AWS HPC Blog

Building a Scalable Predictive Modeling Framework in AWS – Part 3

In the first part of this blog series, we introduced the open source aws-do-pm framework for predictive modeling at scale. In the second part, we demonstrated the scalability of the framework for building and deploying battery models for electric vehicles. The electric vehicle demo includes capabilities for data generation and model building.

In this blog, we will use the synthetic dataset (generated earlier) and the models to showcase the model updating and sensitivity analysis capabilities of the aws-do-pm framework.

The code featuring an example that showcases data generation, model building, model update, and sensitivity analysis can be found in https://github.com/aws-samples/aws-do-pm.

Prerequisites

To run this example, one needs to have AWS account and have Docker installed. For more details on the setup and how to run the example, refer to the documentation here. Further, the models built in the second part of this blog series need to be retained.

Updating Predictive Models

For a model to be useful, its predictions need to be accurate. However, the behavior of the underlying physical assets (like a battery) tends to change over time. Therefore, the model(s) of such assets need to updated continually for them to remain accurate.

One may consider “rebuilding” the models from scratch whenever there’s new data, but this approach is not meaningful for the following reasons:

New data is limited and not sufficient for full-scale model building.
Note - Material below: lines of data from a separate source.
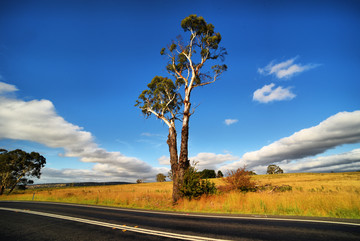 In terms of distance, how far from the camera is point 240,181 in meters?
13.9

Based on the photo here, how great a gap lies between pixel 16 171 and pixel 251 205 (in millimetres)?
55093

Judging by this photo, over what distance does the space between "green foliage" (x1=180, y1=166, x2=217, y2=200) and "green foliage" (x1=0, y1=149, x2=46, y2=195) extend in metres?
48.4

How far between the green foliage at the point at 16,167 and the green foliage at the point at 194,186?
159 feet

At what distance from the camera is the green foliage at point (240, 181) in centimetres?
1380

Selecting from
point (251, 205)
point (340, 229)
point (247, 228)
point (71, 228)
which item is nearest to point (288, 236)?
point (247, 228)

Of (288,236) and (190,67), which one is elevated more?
(190,67)

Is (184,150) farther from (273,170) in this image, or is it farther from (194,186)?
(273,170)

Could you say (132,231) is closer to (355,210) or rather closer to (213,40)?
(355,210)

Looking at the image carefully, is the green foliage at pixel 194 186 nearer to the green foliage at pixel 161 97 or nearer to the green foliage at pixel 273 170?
the green foliage at pixel 161 97

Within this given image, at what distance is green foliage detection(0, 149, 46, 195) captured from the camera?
3928 centimetres

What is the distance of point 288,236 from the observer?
403cm

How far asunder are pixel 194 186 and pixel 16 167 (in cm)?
4995

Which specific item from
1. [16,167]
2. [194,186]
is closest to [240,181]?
[194,186]

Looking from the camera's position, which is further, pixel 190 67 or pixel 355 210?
pixel 190 67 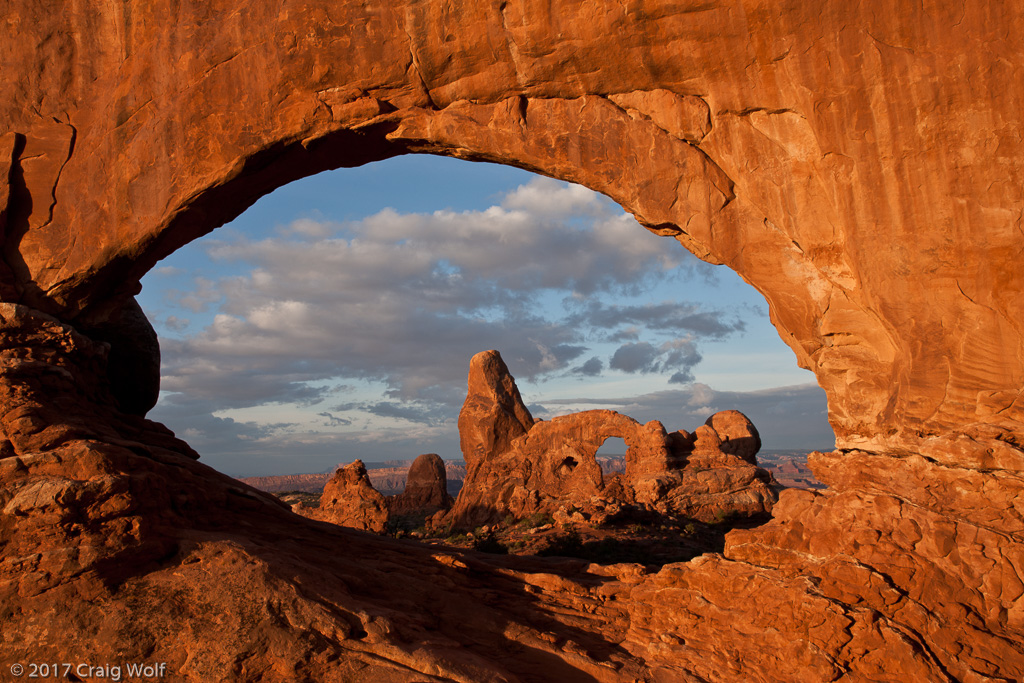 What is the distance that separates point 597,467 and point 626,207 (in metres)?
17.9

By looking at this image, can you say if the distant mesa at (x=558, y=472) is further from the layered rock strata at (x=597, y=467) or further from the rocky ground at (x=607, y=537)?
the rocky ground at (x=607, y=537)

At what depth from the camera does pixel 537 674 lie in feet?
18.4

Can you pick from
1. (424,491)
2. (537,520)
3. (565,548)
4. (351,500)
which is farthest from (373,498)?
(424,491)

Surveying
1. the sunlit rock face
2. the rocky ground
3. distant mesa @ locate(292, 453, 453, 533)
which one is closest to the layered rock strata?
the rocky ground

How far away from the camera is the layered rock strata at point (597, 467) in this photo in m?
21.2

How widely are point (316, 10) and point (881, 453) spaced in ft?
25.2

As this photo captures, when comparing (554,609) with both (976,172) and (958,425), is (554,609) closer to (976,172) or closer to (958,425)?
(958,425)

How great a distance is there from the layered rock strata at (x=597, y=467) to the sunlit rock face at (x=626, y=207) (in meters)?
14.0

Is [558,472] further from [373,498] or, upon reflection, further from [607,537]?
[373,498]

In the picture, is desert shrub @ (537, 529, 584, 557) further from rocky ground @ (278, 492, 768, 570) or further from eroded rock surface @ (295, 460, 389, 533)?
eroded rock surface @ (295, 460, 389, 533)

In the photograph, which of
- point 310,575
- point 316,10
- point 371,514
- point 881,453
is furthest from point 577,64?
point 371,514

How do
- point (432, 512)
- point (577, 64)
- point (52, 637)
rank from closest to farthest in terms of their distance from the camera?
point (52, 637) → point (577, 64) → point (432, 512)

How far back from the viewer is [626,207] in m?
6.99

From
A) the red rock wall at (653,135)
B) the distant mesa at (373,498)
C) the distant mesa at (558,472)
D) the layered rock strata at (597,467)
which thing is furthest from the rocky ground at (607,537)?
the red rock wall at (653,135) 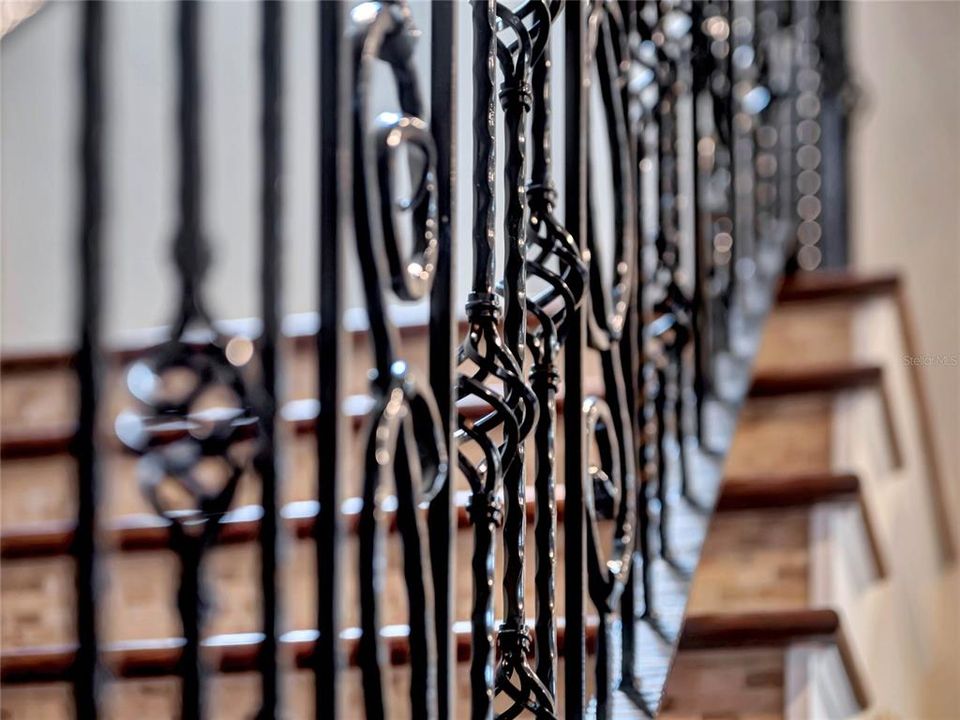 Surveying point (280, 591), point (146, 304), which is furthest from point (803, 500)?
point (146, 304)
Combining older data and new data for model building results in an “average” model that does not reflect the current state of the system. Importantly, physical entities usually have a notion of “state” that needs to be tracked over time. Rebuilding models, instead of updating models, destroys this notion of “state”.
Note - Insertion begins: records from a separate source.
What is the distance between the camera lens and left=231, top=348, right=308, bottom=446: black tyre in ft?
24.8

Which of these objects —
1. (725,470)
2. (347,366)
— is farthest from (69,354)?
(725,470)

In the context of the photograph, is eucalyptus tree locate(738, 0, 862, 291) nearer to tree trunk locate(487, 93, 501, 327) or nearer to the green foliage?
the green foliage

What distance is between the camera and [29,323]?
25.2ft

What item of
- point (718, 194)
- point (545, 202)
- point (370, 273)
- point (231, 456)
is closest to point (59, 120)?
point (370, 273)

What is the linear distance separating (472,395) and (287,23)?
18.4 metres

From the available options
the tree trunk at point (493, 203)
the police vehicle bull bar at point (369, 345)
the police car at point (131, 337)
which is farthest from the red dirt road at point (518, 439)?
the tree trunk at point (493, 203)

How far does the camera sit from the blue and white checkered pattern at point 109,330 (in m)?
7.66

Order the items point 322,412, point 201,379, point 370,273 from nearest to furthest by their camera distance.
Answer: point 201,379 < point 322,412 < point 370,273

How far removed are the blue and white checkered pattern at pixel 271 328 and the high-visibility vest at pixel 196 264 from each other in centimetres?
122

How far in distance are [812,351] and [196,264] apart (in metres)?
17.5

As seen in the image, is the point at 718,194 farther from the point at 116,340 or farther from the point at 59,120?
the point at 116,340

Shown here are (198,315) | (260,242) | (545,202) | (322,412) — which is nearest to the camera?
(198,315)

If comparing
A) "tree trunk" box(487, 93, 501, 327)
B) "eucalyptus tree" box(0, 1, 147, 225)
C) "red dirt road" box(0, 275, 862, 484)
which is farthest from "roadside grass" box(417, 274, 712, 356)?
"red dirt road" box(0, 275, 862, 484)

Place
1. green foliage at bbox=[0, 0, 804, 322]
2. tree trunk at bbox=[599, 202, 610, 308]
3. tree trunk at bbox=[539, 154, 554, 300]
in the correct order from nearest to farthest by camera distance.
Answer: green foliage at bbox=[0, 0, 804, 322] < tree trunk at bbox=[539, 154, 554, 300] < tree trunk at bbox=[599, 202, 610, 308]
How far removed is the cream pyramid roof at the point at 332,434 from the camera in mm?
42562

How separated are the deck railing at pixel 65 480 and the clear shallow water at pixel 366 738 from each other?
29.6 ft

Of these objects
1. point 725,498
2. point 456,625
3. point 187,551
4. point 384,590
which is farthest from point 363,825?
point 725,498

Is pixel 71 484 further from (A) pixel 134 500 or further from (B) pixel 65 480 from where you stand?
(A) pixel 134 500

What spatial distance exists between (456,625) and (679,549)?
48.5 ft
Combining data from multiple entities in the fleet is not possible since not all entities are in the same state, at a given time. Rebuilding a model is computationally more expensive and time consuming than updating.
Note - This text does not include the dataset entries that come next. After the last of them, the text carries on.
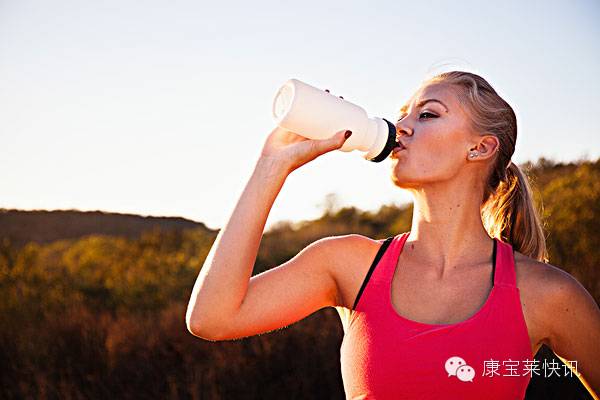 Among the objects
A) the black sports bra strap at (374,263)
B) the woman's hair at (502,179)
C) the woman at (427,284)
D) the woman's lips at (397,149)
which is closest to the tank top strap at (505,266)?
the woman at (427,284)

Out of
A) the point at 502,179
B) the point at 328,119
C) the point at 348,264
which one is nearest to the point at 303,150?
the point at 328,119

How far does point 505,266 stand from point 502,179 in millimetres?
516

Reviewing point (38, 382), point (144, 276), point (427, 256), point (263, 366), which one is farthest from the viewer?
point (144, 276)

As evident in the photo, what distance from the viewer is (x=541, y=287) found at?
2260 mm

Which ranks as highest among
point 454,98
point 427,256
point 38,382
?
point 454,98

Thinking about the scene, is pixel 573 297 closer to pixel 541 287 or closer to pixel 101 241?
pixel 541 287

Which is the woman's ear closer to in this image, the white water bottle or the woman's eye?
the woman's eye

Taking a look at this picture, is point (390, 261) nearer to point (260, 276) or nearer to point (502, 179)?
point (260, 276)

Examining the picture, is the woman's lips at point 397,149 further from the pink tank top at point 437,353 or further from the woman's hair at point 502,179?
the pink tank top at point 437,353

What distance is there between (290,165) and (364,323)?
568 mm

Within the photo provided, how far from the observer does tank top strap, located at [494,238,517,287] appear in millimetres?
2278

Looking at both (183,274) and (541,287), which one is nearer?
(541,287)

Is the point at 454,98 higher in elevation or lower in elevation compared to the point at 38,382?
higher

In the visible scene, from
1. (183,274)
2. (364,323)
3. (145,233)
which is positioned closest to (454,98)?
(364,323) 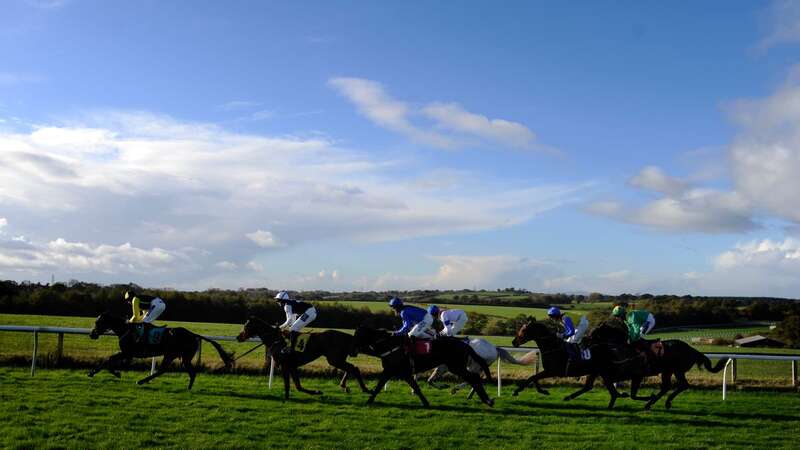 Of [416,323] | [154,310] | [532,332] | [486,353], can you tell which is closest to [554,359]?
[532,332]

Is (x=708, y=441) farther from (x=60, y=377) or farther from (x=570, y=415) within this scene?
(x=60, y=377)

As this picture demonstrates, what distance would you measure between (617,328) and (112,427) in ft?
27.4

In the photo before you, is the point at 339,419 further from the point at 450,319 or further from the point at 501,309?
the point at 501,309

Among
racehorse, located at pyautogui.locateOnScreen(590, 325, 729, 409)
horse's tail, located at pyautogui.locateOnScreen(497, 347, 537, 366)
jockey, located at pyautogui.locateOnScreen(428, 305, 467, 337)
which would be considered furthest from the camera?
horse's tail, located at pyautogui.locateOnScreen(497, 347, 537, 366)

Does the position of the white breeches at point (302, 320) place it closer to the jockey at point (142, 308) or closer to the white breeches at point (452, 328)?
the white breeches at point (452, 328)

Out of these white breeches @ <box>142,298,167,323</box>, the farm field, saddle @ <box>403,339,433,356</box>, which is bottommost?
the farm field

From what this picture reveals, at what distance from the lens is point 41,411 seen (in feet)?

The general approach is to start with all batteries initially having the same model. Individual batteries, however, are used differently in real-world scenarios (operating environment, different missions etc.). This leads to divergence in the performance of the batteries in the fleet. Therefore, having a “single fleet model” for all the batteries in the fleet is not useful for making accurate predictions at the individual entity level. Hence, the initial “single model” is updated with data from each individual battery, to create unique predictive models for each battery.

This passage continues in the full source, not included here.